Problem requirements: From the line that contains "Targeted mutagenesis has" to the last line of the data below, transcribe every line exactly. Do not include the pictures.

[Stored items]
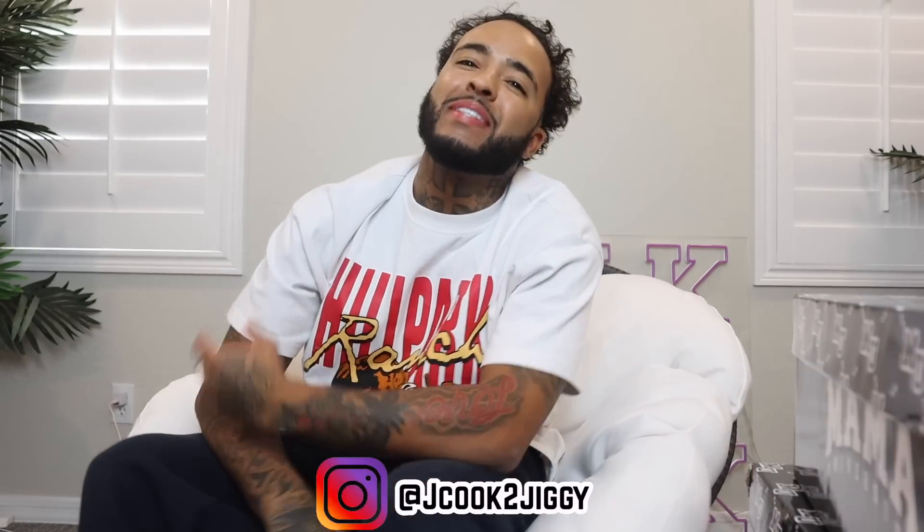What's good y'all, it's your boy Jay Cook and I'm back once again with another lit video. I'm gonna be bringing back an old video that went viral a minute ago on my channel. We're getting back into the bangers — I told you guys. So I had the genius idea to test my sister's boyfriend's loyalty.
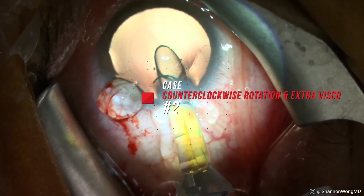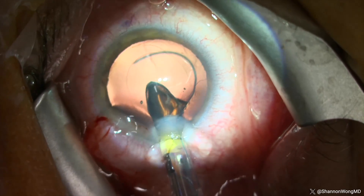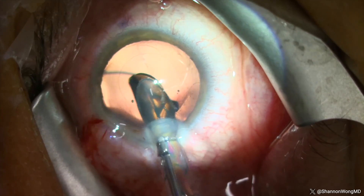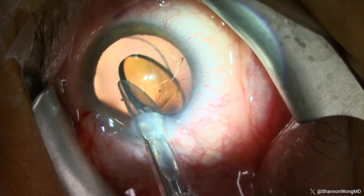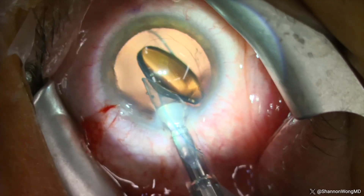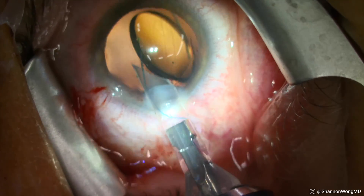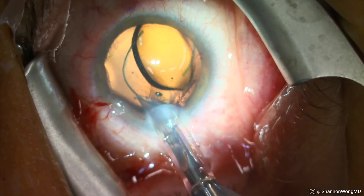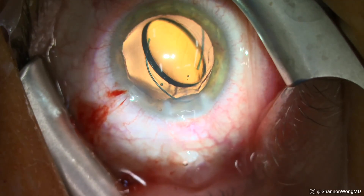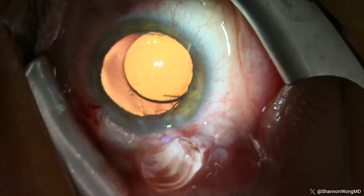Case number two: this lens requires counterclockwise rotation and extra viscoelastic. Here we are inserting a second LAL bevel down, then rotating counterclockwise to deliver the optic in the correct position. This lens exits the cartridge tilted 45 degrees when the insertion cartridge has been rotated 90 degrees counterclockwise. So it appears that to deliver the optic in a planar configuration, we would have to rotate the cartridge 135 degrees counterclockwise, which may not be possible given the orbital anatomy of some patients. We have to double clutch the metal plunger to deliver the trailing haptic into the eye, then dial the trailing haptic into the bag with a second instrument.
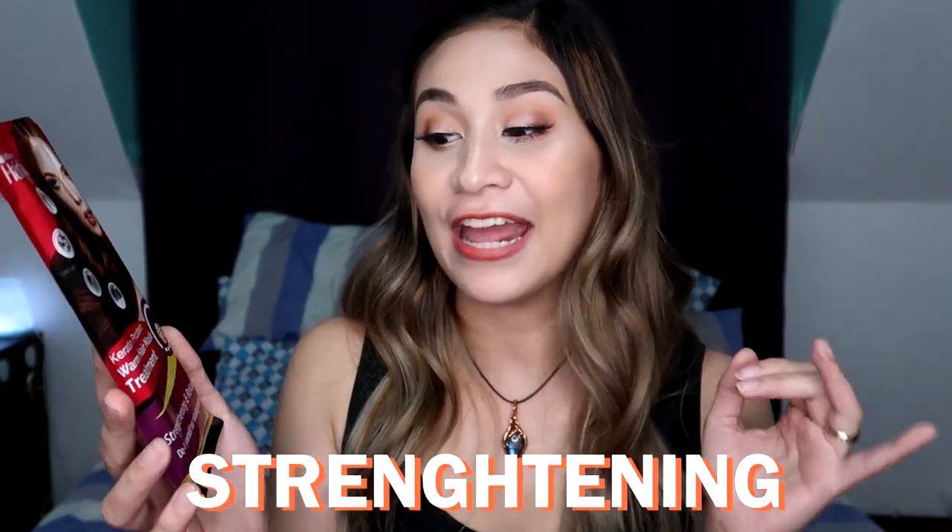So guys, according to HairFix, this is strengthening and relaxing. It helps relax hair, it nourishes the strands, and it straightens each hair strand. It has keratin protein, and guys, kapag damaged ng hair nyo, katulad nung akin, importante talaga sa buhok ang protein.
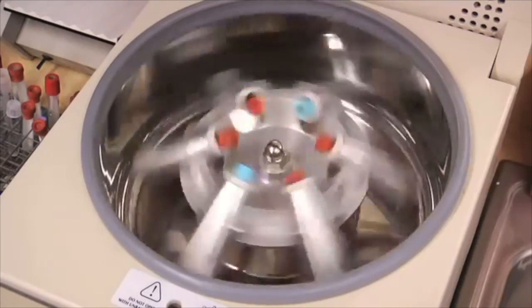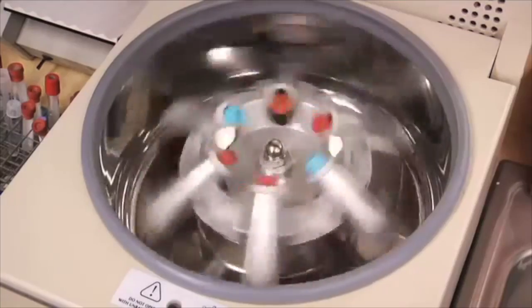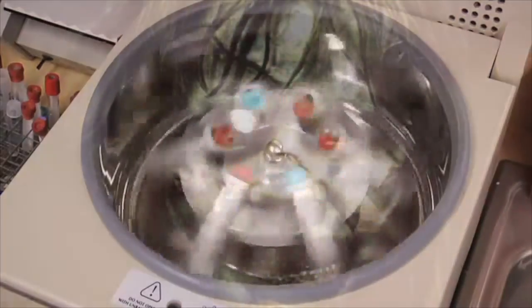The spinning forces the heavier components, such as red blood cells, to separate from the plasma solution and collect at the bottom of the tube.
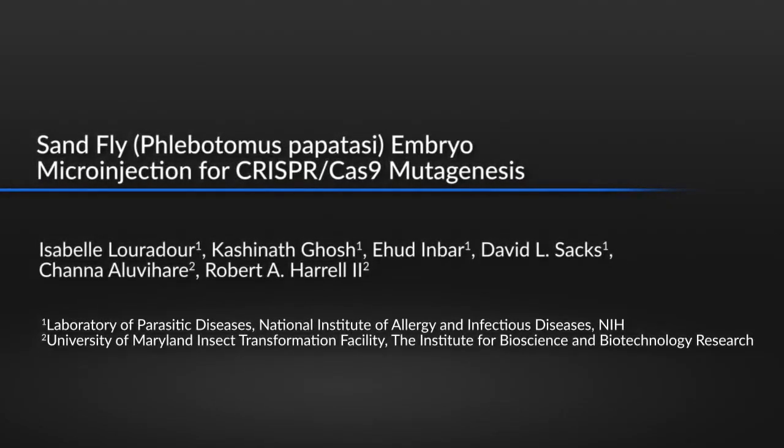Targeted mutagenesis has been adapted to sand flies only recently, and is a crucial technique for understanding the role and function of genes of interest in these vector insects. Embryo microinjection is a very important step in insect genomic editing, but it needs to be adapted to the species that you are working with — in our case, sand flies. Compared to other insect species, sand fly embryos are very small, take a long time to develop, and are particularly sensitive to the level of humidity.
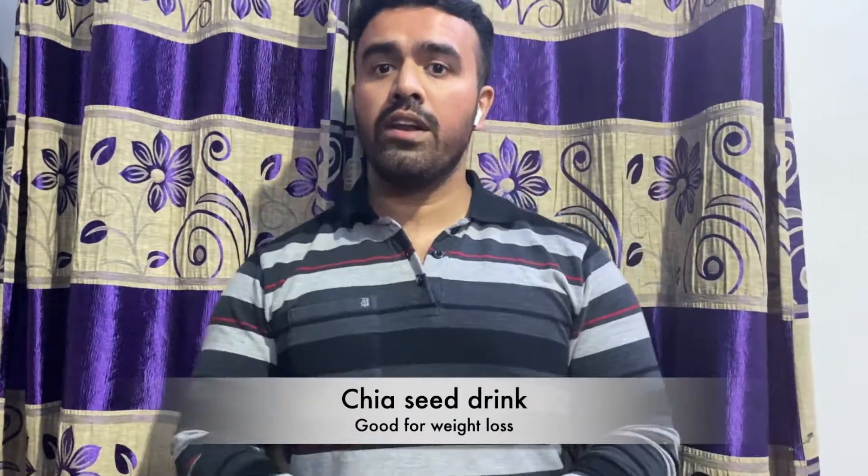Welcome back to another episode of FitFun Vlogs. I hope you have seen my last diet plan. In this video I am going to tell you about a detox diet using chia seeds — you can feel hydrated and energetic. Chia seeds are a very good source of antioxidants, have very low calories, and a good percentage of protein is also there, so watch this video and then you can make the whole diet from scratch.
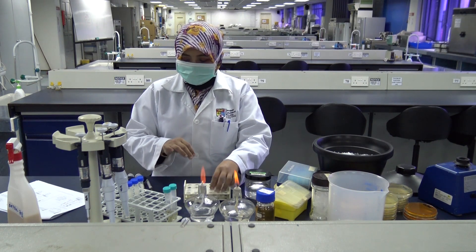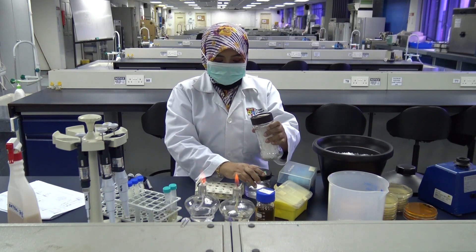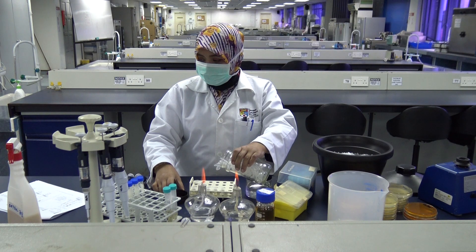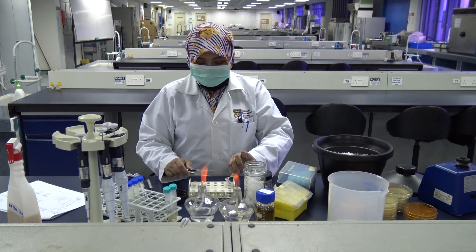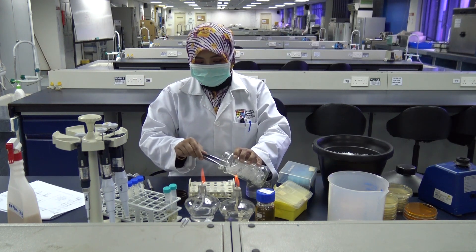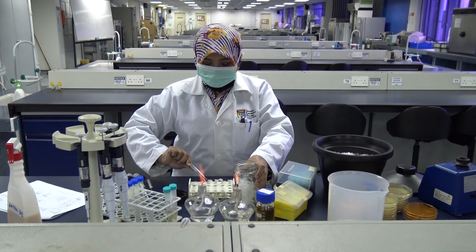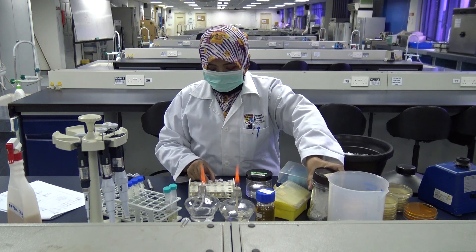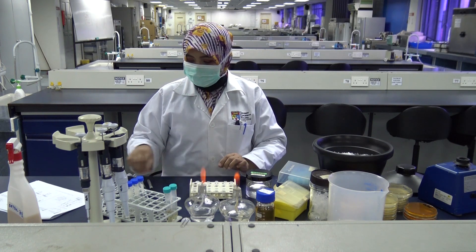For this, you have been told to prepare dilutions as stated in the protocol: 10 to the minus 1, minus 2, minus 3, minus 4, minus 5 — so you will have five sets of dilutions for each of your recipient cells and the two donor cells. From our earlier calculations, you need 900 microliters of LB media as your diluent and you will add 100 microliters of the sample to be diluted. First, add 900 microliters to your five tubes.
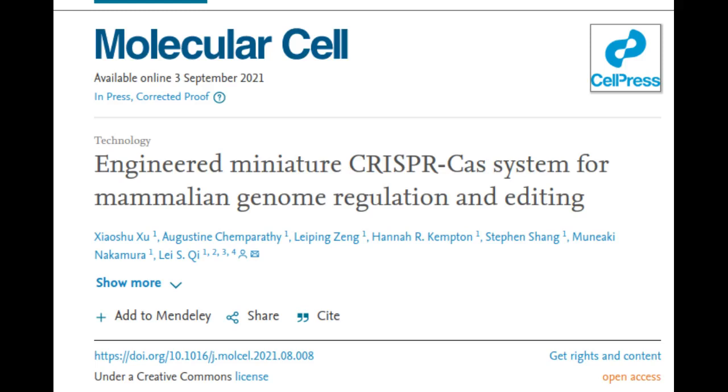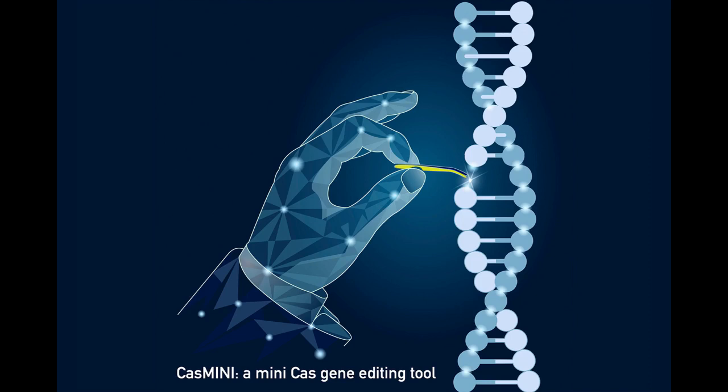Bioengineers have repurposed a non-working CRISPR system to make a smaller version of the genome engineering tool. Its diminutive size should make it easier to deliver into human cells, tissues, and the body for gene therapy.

Task response:
Targeted mutagenesis has been adapted to sand flies only recently, and is a crucial technique for understanding the role and function of genes of interest in these vector insects. Embryo microinjection is a very important step in insect genomic editing, but it needs to be adapted to the species that you are working with — in our case, sand flies. Compared to other insect species, sand fly embryos are very small, take a long time to develop, and are particularly sensitive to the level of humidity.
Welcome back to another episode of FitFun Vlogs. I hope you have seen my last diet plan. In this video I am going to tell you about a detox diet using chia seeds — you can feel hydrated and energetic. Chia seeds are a very good source of antioxidants, have very low calories, and a good percentage of protein is also there, so watch this video and then you can make the whole diet from scratch.
For this, you have been told to prepare dilutions as stated in the protocol: 10 to the minus 1, minus 2, minus 3, minus 4, minus 5 — so you will have five sets of dilutions for each of your recipient cells and the two donor cells. From our earlier calculations, you need 900 microliters of LB media as your diluent and you will add 100 microliters of the sample to be diluted. First, add 900 microliters to your five tubes.
Bioengineers have repurposed a non-working CRISPR system to make a smaller version of the genome engineering tool. Its diminutive size should make it easier to deliver into human cells, tissues, and the body for gene therapy.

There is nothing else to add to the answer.